• **Task to carry out**: Everything below from the line with "Apartamento com 2" through the line with "Missouri River Relief" should be copied exactly, and nothing else; leave out the pictures.

• **Available records**:
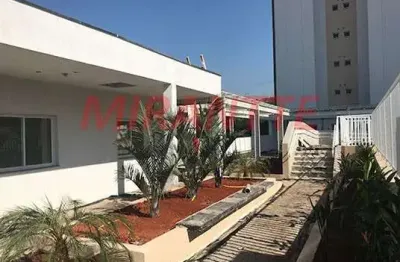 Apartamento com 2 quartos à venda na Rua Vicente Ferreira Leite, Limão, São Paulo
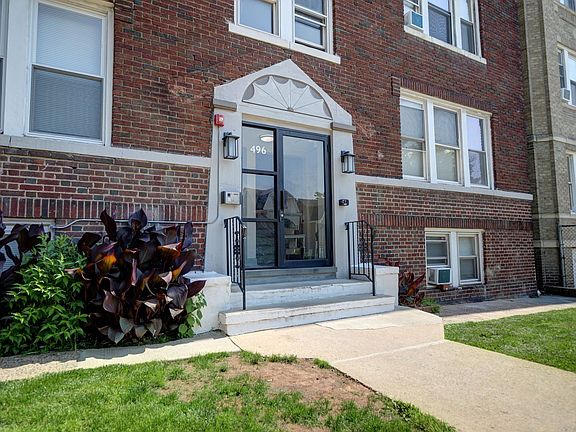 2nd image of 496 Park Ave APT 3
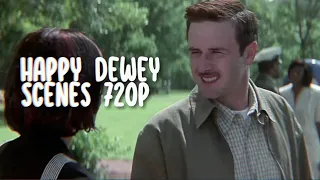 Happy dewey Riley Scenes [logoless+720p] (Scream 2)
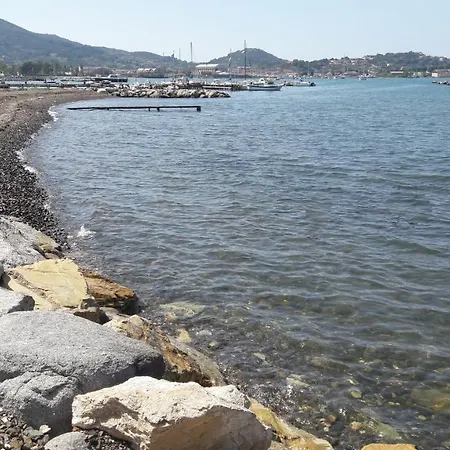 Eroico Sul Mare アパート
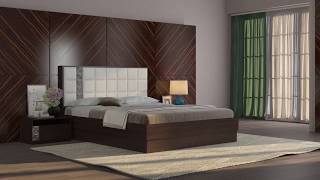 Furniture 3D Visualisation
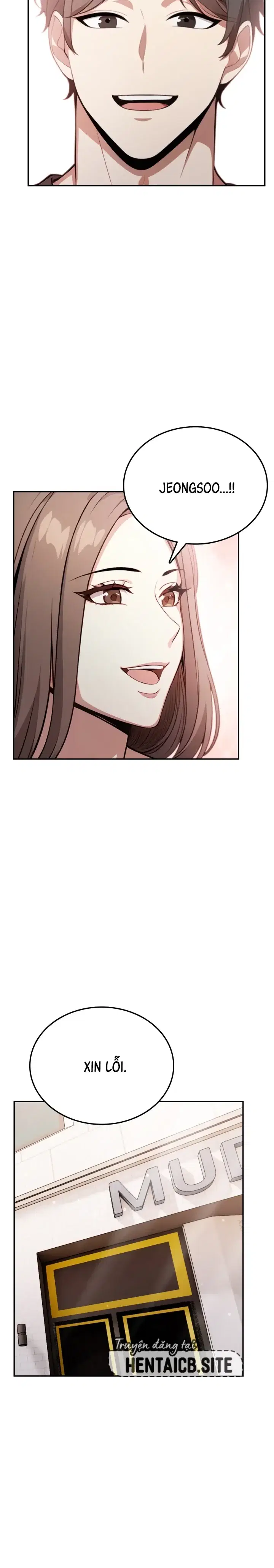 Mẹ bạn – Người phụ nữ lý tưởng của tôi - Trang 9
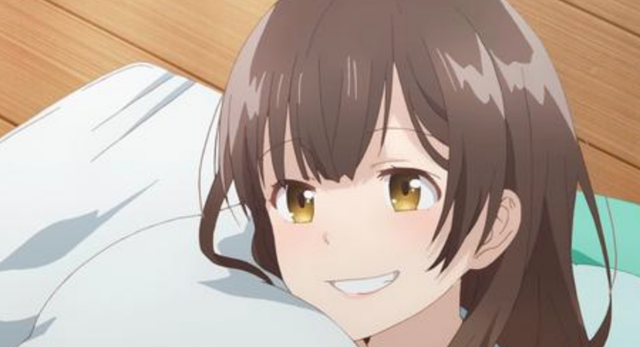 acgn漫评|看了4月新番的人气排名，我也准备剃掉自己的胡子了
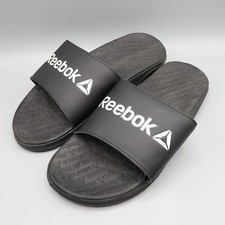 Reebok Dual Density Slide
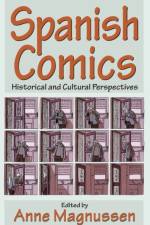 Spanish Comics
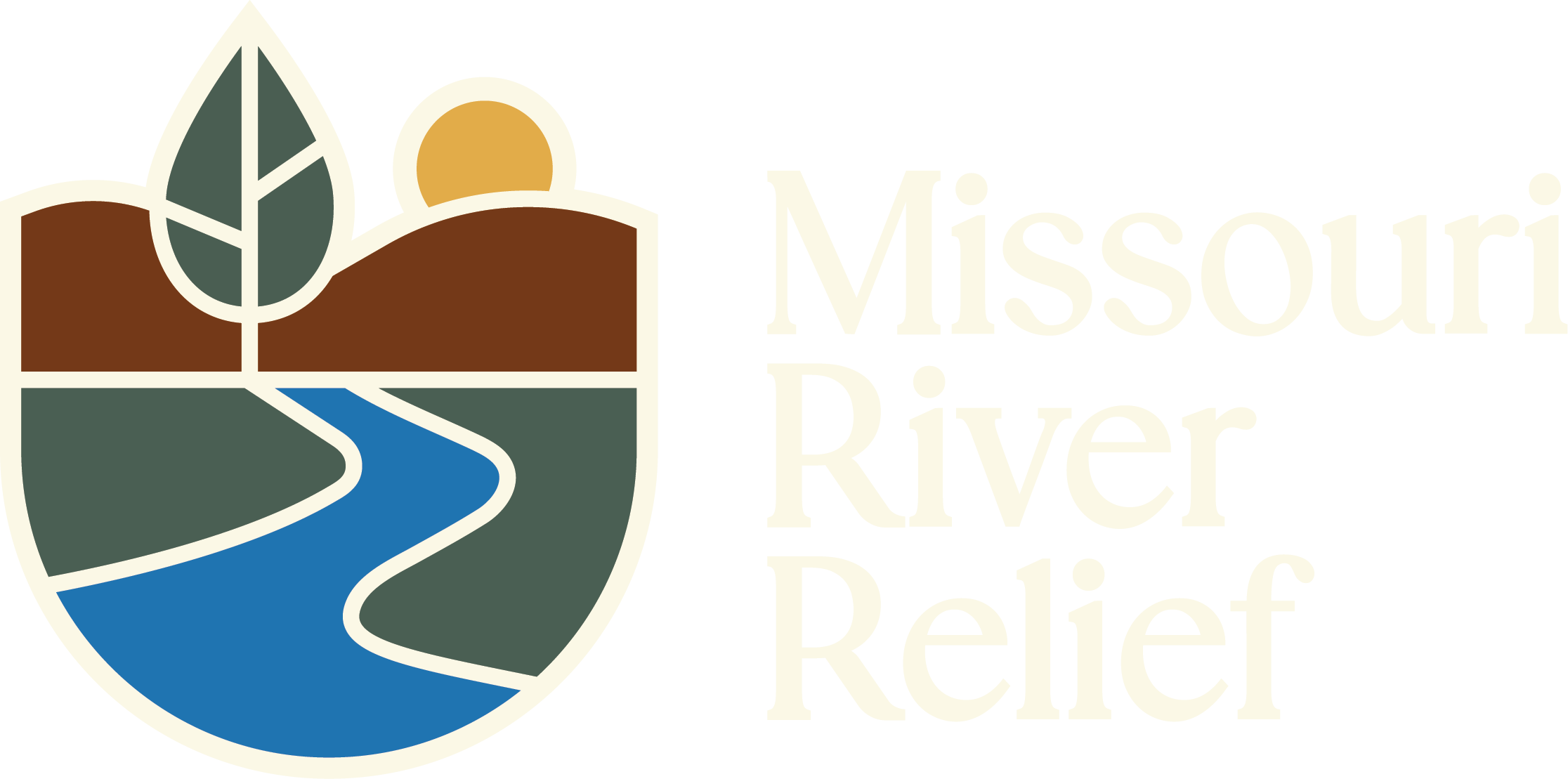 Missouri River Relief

==

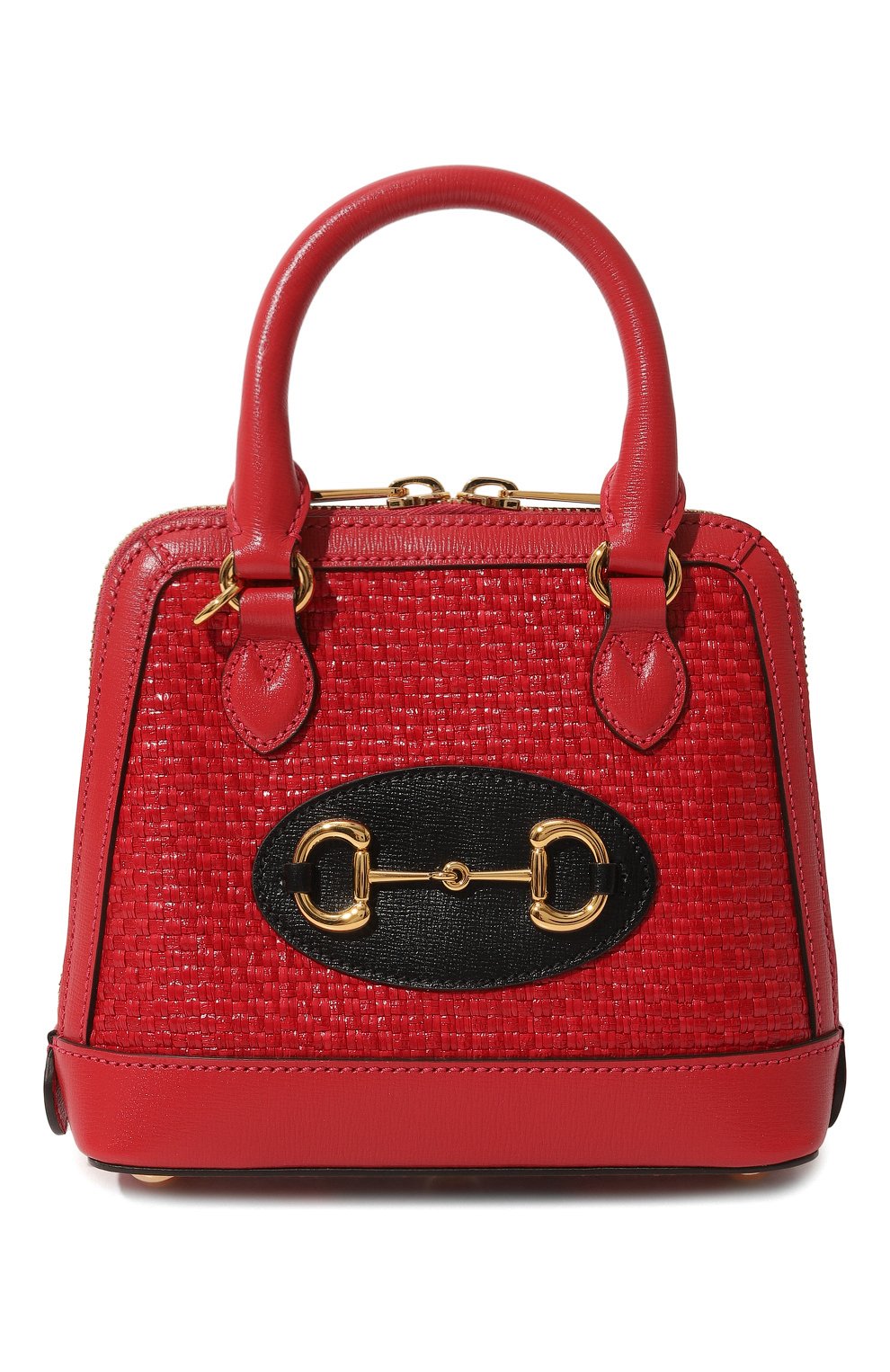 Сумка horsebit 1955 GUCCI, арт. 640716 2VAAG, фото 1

--

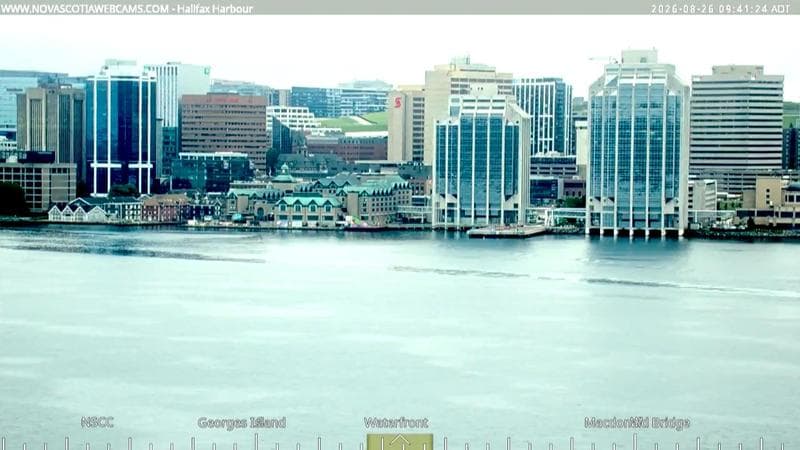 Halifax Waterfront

• **Output for this exercise**:
 Apartamento com 2 quartos à venda na Rua Vicente Ferreira Leite, Limão, São Paulo
 2nd image of 496 Park Ave APT 3
 Happy dewey Riley Scenes [logoless+720p] (Scream 2)
 Eroico Sul Mare アパート
 Furniture 3D Visualisation
 Mẹ bạn – Người phụ nữ lý tưởng của tôi - Trang 9
 acgn漫评|看了4月新番的人气排名，我也准备剃掉自己的胡子了
 Reebok Dual Density Slide
 Spanish Comics
 Missouri River Relief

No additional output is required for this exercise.